5. Caring Well for the Abused
I’m encouraged to report to you that churches from all over the country have voluntarily begun the Caring Well Challenge. There was a large response and fantastic attendance at the Caring Well Conference the ERLC hosted in October. Churches from all over the country have formed care teams to demonstrate the love of Christ to the hurting. The action that the Convention took last year was not a one-time planting of a flag or virtue-signaling and moving on. We knew we wanted to help change the culture in the SBC, and that doesn’t happen merely through resolutions, constitutional changes, or public statements on this topic.
This is a Gospel issue. It’s not a distraction from the mission, it is the mission. Because, at the core of the Gospel, we see a God who has compassion on the vulnerable and offers them safe refuge. We know that a watching world will not listen to the life-changing message of Jesus Christ if they do not believe our churches are safe places for the vulnerable. I believe that in this last year, thanks to your leadership, things are changing.
6. Engaging the Next Generation in Cooperative Mission
Southern Baptists continue to produce more church planters, more missionaries, and more seminary graduates than any other group in America, and we need to do everything we can to get the next generation engaged in cooperative mission. This is why we gather for the annual meeting each year! It may be a two-day business meeting, but this business meeting is the vehicle that drives our Convention’s action.
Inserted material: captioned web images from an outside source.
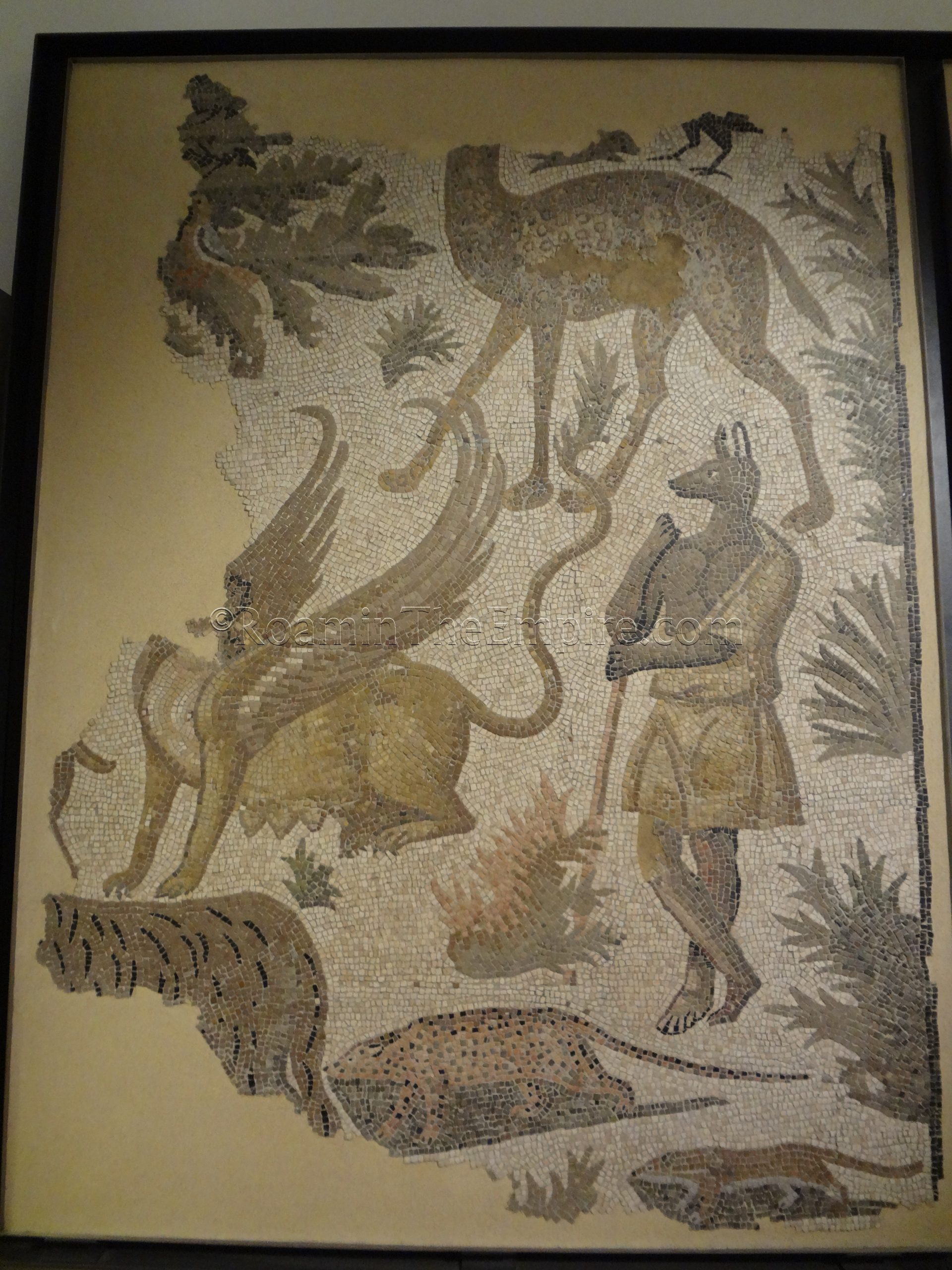 Anubis mosaic in the Museo della Città. Found locally at Via Fratelli Bandiera and dated to the late 2nd or early 3rd century CE.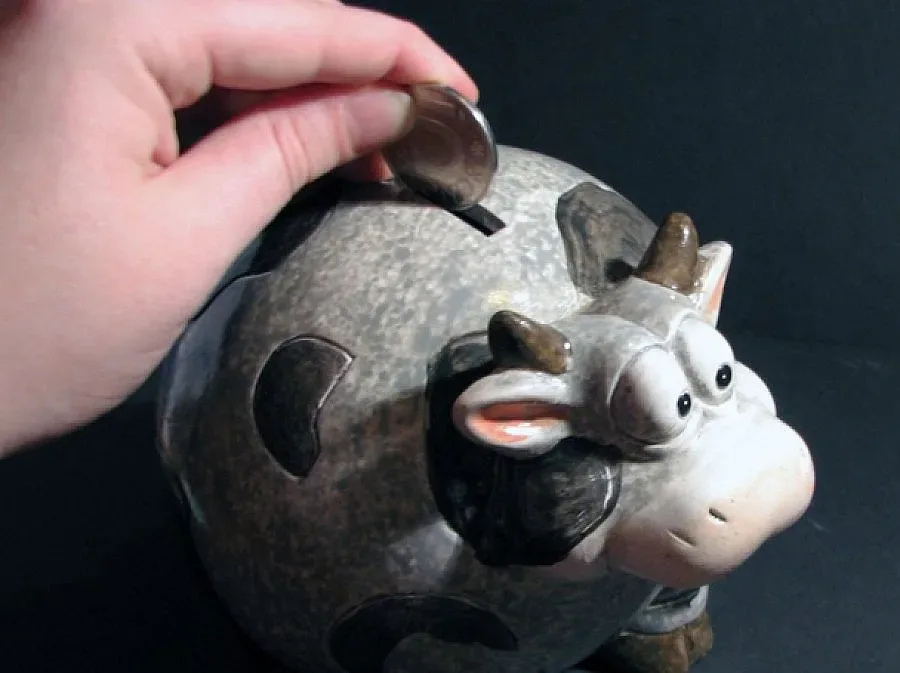 Шефове на Енерго си крият парите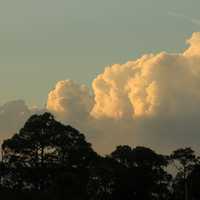 Clouds over trees at St. Sebastion River State Park, Florida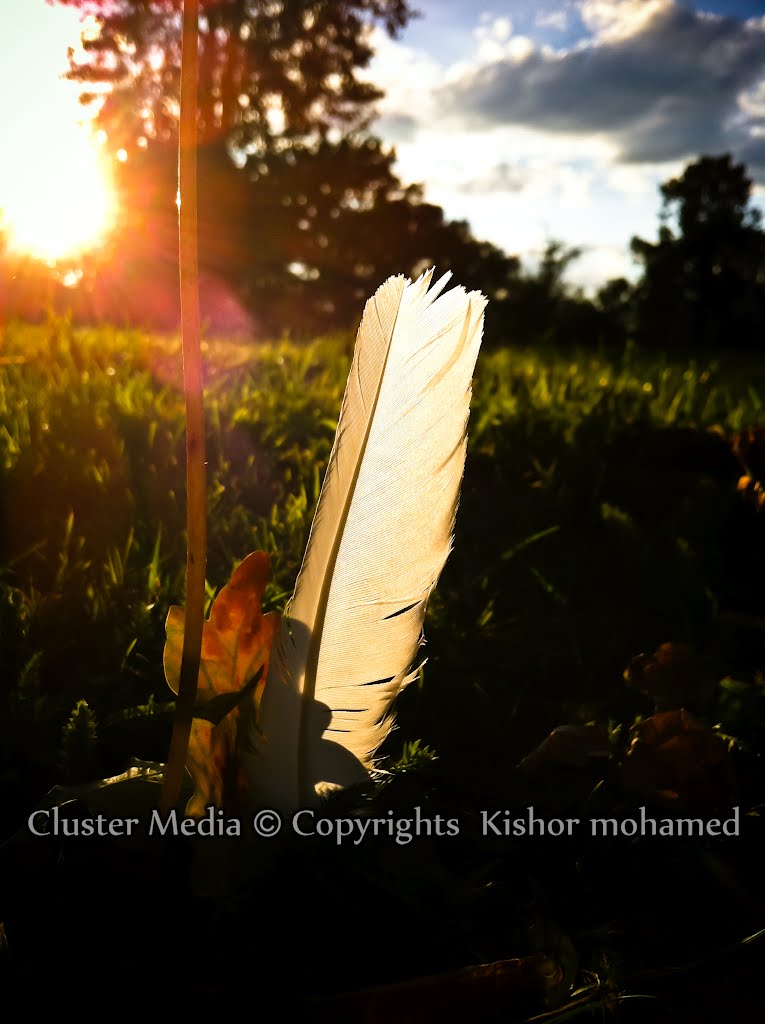 Feather 2 by kishor656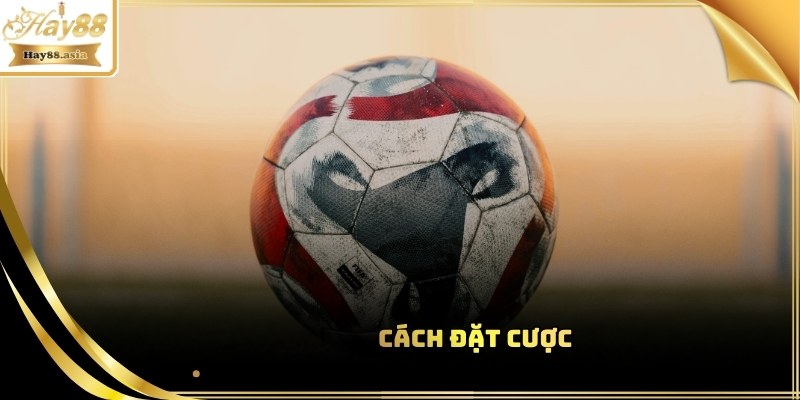 Cách đặt cược cho tân binh mới tham gia năm 2026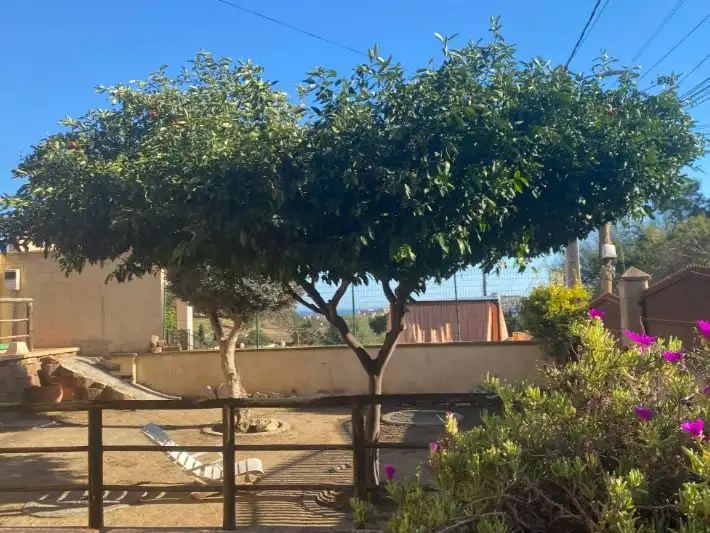 Villa mit Garten zum Verkauf in Calle Las Velas 20, imagen 5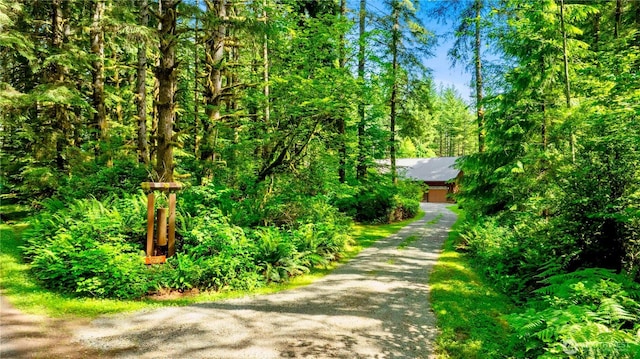 36915 NE 98th St, Carnation, WA 98014 - view of community with a view of trees
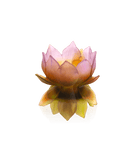 Daum Jardin De Lotus Medium Vase 175ex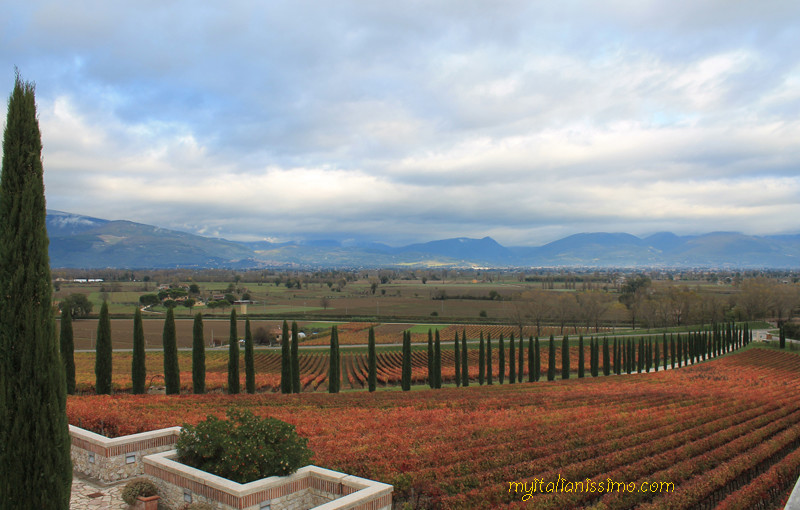 A Toast To Autumn @Fattoria COLSANTO -Bevagna, PG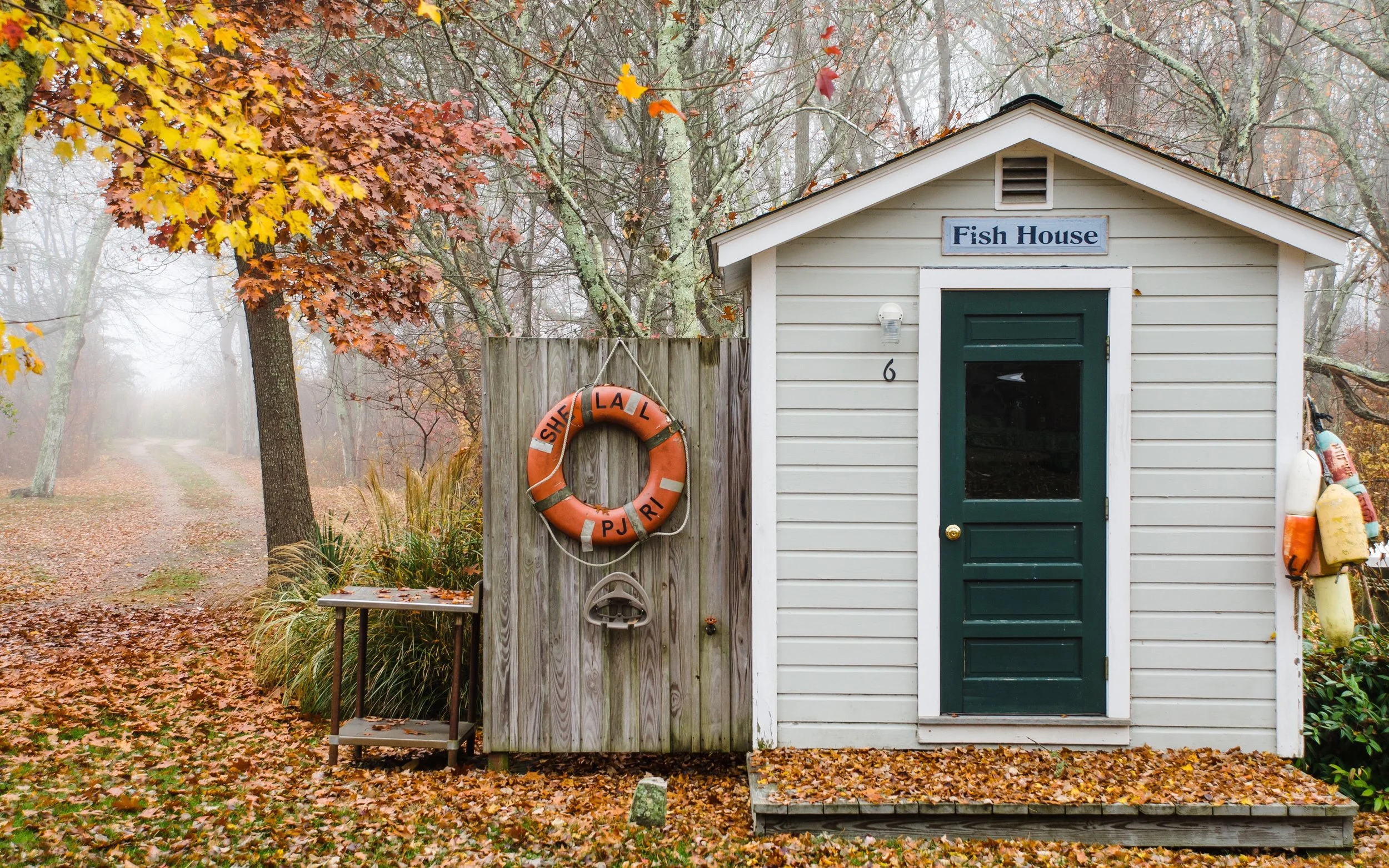 NNS_5280-Edit copy 2.jpg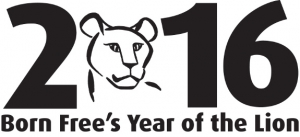 2016 is the Born Free Foundation's Year of the Lion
I want to see fifteen thousand messengers in Orlando, a new wave of evangelism that turns the tide on declining baptism numbers, and a wave of sending in the SBC that leads us to those days of multiplication and growth that characterized the first centuries of the church, when a group of Jewish fishermen—without resources, Conventions, money, or public platforms—turned the world upside down.
I’ll see you in Orlando!
J. D. Greear is pastor of The Summit Church in Raleigh-Durham, North Carolina, and is president of the Southern Baptist Convention.